- **Instructions to follow**
Please print out every line of the material, unchanged.

- **Input data**
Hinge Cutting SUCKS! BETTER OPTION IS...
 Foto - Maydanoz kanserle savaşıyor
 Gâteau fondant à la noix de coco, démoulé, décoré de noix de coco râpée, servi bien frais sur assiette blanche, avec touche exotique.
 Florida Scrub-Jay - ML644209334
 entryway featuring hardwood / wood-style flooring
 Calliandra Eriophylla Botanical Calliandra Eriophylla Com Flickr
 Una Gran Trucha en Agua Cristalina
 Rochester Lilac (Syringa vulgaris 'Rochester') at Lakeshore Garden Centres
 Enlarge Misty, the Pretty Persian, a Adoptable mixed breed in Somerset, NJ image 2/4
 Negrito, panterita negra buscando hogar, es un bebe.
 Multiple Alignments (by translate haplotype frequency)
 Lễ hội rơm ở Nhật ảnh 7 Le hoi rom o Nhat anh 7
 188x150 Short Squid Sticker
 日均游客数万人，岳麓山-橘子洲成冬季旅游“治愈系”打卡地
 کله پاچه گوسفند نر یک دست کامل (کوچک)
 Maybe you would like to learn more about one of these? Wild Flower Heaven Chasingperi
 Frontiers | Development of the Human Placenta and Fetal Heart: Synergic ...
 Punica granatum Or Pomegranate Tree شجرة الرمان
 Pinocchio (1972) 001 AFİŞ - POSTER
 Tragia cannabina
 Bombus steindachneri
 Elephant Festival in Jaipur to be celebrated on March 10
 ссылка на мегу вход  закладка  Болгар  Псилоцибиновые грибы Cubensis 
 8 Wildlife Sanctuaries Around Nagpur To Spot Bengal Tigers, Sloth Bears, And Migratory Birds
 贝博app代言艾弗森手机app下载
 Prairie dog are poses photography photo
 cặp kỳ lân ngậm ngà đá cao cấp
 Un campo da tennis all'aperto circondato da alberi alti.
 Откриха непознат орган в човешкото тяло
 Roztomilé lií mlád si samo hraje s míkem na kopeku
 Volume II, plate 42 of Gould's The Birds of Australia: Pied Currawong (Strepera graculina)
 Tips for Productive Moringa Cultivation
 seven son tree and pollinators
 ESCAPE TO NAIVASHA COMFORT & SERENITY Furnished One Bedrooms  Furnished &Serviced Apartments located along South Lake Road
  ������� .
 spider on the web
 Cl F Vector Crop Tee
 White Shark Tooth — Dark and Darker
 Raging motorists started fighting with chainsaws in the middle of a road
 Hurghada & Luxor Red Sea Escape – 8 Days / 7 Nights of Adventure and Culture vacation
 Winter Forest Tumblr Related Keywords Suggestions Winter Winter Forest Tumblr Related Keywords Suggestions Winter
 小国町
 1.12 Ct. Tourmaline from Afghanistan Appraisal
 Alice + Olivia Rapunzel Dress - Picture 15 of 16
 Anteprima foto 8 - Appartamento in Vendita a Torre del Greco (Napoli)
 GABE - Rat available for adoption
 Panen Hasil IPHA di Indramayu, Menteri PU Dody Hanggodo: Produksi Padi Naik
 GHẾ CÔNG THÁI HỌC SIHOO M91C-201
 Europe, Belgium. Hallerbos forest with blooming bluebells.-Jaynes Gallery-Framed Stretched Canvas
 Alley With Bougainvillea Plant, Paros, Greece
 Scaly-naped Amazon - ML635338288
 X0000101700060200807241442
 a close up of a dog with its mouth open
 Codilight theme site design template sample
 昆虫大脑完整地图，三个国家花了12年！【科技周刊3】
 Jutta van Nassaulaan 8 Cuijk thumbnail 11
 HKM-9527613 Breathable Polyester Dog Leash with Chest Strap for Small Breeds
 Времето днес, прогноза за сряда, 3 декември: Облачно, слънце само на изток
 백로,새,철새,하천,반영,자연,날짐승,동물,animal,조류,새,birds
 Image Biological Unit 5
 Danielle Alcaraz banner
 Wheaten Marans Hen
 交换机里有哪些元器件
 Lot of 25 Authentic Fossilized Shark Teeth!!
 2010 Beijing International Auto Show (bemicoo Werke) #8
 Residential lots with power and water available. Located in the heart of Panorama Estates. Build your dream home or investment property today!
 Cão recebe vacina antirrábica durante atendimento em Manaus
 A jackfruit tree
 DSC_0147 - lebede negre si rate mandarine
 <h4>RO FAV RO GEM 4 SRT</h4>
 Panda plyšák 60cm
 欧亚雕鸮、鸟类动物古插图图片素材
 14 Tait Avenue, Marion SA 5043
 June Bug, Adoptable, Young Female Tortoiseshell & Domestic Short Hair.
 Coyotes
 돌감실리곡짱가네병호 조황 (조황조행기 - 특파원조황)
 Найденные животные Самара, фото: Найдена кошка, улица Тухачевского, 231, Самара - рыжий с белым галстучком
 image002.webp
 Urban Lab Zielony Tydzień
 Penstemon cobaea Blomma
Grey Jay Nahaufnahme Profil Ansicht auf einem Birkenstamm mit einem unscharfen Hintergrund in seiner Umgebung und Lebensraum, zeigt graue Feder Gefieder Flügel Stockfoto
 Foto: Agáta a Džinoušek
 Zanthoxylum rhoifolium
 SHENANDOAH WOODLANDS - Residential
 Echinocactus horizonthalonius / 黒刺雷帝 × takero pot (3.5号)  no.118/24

- **Answer**
Hinge Cutting SUCKS! BETTER OPTION IS...
 Foto - Maydanoz kanserle savaşıyor
 Gâteau fondant à la noix de coco, démoulé, décoré de noix de coco râpée, servi bien frais sur assiette blanche, avec touche exotique.
 Florida Scrub-Jay - ML644209334
 entryway featuring hardwood / wood-style flooring
 Calliandra Eriophylla Botanical Calliandra Eriophylla Com Flickr
 Una Gran Trucha en Agua Cristalina
 Rochester Lilac (Syringa vulgaris 'Rochester') at Lakeshore Garden Centres
 Enlarge Misty, the Pretty Persian, a Adoptable mixed breed in Somerset, NJ image 2/4
 Negrito, panterita negra buscando hogar, es un bebe.
 Multiple Alignments (by translate haplotype frequency)
 Lễ hội rơm ở Nhật ảnh 7 Le hoi rom o Nhat anh 7
 188x150 Short Squid Sticker
 日均游客数万人，岳麓山-橘子洲成冬季旅游“治愈系”打卡地
 کله پاچه گوسفند نر یک دست کامل (کوچک)
 Maybe you would like to learn more about one of these? Wild Flower Heaven Chasingperi
 Frontiers | Development of the Human Placenta and Fetal Heart: Synergic ...
 Punica granatum Or Pomegranate Tree شجرة الرمان
 Pinocchio (1972) 001 AFİŞ - POSTER
 Tragia cannabina
 Bombus steindachneri
 Elephant Festival in Jaipur to be celebrated on March 10
 ссылка на мегу вход  закладка  Болгар  Псилоцибиновые грибы Cubensis 
 8 Wildlife Sanctuaries Around Nagpur To Spot Bengal Tigers, Sloth Bears, And Migratory Birds
 贝博app代言艾弗森手机app下载
 Prairie dog are poses photography photo
 cặp kỳ lân ngậm ngà đá cao cấp
 Un campo da tennis all'aperto circondato da alberi alti.
 Откриха непознат орган в човешкото тяло
 Roztomilé lií mlád si samo hraje s míkem na kopeku
 Volume II, plate 42 of Gould's The Birds of Australia: Pied Currawong (Strepera graculina)
 Tips for Productive Moringa Cultivation
 seven son tree and pollinators
 ESCAPE TO NAIVASHA COMFORT & SERENITY Furnished One Bedrooms  Furnished &Serviced Apartments located along South Lake Road
  ������� .
 spider on the web
 Cl F Vector Crop Tee
 White Shark Tooth — Dark and Darker
 Raging motorists started fighting with chainsaws in the middle of a road
 Hurghada & Luxor Red Sea Escape – 8 Days / 7 Nights of Adventure and Culture vacation
 Winter Forest Tumblr Related Keywords Suggestions Winter Winter Forest Tumblr Related Keywords Suggestions Winter
 小国町
 1.12 Ct. Tourmaline from Afghanistan Appraisal
 Alice + Olivia Rapunzel Dress - Picture 15 of 16
 Anteprima foto 8 - Appartamento in Vendita a Torre del Greco (Napoli)
 GABE - Rat available for adoption
 Panen Hasil IPHA di Indramayu, Menteri PU Dody Hanggodo: Produksi Padi Naik
 GHẾ CÔNG THÁI HỌC SIHOO M91C-201
 Europe, Belgium. Hallerbos forest with blooming bluebells.-Jaynes Gallery-Framed Stretched Canvas
 Alley With Bougainvillea Plant, Paros, Greece
 Scaly-naped Amazon - ML635338288
 X0000101700060200807241442
 a close up of a dog with its mouth open
 Codilight theme site design template sample
 昆虫大脑完整地图，三个国家花了12年！【科技周刊3】
 Jutta van Nassaulaan 8 Cuijk thumbnail 11
 HKM-9527613 Breathable Polyester Dog Leash with Chest Strap for Small Breeds
 Времето днес, прогноза за сряда, 3 декември: Облачно, слънце само на изток
 백로,새,철새,하천,반영,자연,날짐승,동물,animal,조류,새,birds
 Image Biological Unit 5
 Danielle Alcaraz banner
 Wheaten Marans Hen
 交换机里有哪些元器件
 Lot of 25 Authentic Fossilized Shark Teeth!!
 2010 Beijing International Auto Show (bemicoo Werke) #8
 Residential lots with power and water available. Located in the heart of Panorama Estates. Build your dream home or investment property today!
 Cão recebe vacina antirrábica durante atendimento em Manaus
 A jackfruit tree
 DSC_0147 - lebede negre si rate mandarine
 <h4>RO FAV RO GEM 4 SRT</h4>
 Panda plyšák 60cm
 欧亚雕鸮、鸟类动物古插图图片素材
 14 Tait Avenue, Marion SA 5043
 June Bug, Adoptable, Young Female Tortoiseshell & Domestic Short Hair.
 Coyotes
 돌감실리곡짱가네병호 조황 (조황조행기 - 특파원조황)
 Найденные животные Самара, фото: Найдена кошка, улица Тухачевского, 231, Самара - рыжий с белым галстучком
 image002.webp
 Urban Lab Zielony Tydzień
 Penstemon cobaea Blomma
Grey Jay Nahaufnahme Profil Ansicht auf einem Birkenstamm mit einem unscharfen Hintergrund in seiner Umgebung und Lebensraum, zeigt graue Feder Gefieder Flügel Stockfoto
 Foto: Agáta a Džinoušek
 Zanthoxylum rhoifolium
 SHENANDOAH WOODLANDS - Residential
 Echinocactus horizonthalonius / 黒刺雷帝 × takero pot (3.5号)  no.118/24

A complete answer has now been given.